<<<<

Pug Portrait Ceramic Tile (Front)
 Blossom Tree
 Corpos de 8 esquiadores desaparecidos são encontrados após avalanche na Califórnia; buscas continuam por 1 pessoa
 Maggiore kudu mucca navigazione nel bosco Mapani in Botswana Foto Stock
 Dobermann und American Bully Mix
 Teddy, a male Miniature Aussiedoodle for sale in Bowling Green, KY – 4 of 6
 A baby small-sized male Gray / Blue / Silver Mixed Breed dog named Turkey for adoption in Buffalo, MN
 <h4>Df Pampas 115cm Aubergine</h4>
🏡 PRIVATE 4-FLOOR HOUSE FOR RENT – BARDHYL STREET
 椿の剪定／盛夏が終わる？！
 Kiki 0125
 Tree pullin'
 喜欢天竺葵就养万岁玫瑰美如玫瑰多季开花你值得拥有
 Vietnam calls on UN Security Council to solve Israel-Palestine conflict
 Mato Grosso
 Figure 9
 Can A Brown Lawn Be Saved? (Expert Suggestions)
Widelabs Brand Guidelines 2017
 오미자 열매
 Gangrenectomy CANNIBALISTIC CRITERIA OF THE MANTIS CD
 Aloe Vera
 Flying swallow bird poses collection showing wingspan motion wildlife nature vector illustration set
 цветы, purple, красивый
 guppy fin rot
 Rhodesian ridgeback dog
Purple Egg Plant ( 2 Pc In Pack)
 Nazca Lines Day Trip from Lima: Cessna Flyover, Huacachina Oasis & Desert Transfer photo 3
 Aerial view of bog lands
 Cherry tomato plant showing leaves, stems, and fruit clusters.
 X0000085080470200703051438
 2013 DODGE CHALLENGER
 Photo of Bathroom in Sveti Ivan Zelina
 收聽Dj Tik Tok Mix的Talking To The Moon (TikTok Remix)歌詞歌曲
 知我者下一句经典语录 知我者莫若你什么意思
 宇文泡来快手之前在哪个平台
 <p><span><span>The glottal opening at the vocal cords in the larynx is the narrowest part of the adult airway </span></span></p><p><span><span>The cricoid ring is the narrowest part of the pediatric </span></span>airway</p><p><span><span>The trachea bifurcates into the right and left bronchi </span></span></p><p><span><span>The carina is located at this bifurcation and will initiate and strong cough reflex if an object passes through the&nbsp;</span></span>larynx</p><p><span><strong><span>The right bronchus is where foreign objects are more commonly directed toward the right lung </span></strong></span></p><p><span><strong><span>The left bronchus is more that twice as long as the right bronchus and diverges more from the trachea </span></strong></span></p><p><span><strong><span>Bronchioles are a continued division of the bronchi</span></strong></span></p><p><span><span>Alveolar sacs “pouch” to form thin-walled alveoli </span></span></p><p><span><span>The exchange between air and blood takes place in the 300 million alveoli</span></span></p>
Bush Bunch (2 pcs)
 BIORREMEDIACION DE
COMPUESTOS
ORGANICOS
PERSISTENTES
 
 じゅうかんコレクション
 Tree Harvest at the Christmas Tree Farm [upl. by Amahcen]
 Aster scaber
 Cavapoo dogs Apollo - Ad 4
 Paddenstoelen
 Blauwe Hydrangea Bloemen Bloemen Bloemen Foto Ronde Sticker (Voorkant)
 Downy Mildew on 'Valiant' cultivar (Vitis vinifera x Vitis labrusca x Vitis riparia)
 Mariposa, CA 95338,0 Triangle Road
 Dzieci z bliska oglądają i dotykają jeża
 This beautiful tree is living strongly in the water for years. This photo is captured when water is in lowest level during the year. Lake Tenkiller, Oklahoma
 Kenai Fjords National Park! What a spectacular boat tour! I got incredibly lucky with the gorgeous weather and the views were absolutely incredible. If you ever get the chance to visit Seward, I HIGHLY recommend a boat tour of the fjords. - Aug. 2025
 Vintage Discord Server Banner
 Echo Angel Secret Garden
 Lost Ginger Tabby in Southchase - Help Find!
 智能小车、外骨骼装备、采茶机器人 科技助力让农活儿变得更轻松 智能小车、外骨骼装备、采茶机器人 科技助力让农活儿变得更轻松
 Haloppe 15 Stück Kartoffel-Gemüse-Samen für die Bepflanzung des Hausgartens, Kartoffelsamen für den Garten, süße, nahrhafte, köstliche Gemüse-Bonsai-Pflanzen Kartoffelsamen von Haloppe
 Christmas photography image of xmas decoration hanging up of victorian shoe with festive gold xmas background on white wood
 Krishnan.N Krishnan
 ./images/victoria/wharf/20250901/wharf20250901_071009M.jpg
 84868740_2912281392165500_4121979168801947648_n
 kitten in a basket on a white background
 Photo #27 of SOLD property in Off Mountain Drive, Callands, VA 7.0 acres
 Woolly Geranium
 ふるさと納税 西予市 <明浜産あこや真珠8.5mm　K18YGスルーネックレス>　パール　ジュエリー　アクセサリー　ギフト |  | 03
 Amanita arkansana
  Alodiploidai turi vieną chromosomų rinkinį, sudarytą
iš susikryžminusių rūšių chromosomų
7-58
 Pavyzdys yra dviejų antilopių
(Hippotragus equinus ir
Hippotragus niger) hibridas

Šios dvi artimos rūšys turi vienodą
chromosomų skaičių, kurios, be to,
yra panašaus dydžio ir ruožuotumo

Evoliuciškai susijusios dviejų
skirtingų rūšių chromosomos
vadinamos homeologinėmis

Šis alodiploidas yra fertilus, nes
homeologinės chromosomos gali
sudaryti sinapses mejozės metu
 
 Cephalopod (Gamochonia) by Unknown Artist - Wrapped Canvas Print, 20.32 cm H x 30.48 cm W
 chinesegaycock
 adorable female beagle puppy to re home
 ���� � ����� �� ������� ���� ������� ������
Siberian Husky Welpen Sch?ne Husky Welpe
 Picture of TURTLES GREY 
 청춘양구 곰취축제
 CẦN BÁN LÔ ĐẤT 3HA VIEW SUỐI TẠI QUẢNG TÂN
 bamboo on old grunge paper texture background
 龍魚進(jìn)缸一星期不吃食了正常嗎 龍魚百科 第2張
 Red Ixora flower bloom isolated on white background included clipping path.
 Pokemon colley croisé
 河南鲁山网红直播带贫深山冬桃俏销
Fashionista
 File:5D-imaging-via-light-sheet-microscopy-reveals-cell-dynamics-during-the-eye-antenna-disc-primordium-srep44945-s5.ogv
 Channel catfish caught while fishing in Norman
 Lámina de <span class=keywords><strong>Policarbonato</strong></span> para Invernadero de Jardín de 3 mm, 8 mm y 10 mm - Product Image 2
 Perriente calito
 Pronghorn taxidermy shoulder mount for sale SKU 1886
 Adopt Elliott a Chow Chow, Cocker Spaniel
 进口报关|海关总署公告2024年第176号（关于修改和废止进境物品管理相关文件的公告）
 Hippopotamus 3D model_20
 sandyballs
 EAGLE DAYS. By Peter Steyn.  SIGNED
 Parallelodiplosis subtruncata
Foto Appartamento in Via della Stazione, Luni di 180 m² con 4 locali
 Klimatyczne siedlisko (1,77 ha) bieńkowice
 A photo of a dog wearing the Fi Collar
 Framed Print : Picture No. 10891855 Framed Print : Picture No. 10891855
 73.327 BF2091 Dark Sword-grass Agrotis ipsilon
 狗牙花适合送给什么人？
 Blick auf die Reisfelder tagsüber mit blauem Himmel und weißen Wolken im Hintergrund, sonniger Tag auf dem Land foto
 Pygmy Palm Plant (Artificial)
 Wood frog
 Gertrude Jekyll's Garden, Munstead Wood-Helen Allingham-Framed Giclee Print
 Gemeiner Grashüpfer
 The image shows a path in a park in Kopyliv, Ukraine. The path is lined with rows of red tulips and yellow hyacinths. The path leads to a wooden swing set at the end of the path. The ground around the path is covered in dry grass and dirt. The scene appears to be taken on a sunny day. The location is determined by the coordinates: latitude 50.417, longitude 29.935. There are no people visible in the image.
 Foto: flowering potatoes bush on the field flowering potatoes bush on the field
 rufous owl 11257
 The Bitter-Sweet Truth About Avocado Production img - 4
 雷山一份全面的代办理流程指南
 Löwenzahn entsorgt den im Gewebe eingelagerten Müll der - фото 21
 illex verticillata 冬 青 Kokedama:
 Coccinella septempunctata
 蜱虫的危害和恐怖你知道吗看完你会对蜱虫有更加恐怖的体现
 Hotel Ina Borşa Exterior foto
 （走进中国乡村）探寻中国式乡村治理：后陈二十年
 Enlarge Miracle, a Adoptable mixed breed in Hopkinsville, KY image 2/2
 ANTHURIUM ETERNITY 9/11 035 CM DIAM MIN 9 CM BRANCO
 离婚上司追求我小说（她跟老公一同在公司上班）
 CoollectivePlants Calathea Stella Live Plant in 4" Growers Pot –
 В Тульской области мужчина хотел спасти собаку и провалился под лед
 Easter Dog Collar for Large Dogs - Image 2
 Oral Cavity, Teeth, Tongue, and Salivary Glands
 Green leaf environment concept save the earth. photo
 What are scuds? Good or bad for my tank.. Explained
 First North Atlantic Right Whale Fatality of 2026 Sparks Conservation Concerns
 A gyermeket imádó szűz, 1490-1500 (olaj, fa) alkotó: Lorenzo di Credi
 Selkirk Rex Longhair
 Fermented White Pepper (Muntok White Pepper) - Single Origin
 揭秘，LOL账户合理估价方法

>>>>

Assignment: Please reproduce, exactly as they appear above, the lines from the line containing "vadinamos homeologinėmis" up to and including the line containing "CẦN BÁN LÔ ĐẤT 3HA VIEW SUỐI TẠI QUẢNG TÂN".

Solution for this exercise:
vadinamos homeologinėmis

Šis alodiploidas yra fertilus, nes
homeologinės chromosomos gali
sudaryti sinapses mejozės metu
 
 Cephalopod (Gamochonia) by Unknown Artist - Wrapped Canvas Print, 20.32 cm H x 30.48 cm W
 chinesegaycock
 adorable female beagle puppy to re home
 ���� � ����� �� ������� ���� ������� ������
Siberian Husky Welpen Sch?ne Husky Welpe
 Picture of TURTLES GREY 
 청춘양구 곰취축제
 CẦN BÁN LÔ ĐẤT 3HA VIEW SUỐI TẠI QUẢNG TÂN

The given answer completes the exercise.